## The problem
Copy precisely the first line of the material below and every later line, stopping with the line that contains "3300 NE 90th".

## Dataset excerpts
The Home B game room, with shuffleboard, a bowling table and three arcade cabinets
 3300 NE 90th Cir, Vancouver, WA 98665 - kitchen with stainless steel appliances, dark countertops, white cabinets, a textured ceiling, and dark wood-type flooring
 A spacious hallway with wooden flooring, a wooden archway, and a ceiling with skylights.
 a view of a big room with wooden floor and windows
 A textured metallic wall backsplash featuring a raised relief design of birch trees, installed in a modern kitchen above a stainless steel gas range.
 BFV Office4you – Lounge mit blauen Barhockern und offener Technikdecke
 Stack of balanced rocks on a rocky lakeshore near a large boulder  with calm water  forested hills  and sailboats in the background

## Written response
The Home B game room, with shuffleboard, a bowling table and three arcade cabinets
 3300 NE 90th Cir, Vancouver, WA 98665 - kitchen with stainless steel appliances, dark countertops, white cabinets, a textured ceiling, and dark wood-type flooring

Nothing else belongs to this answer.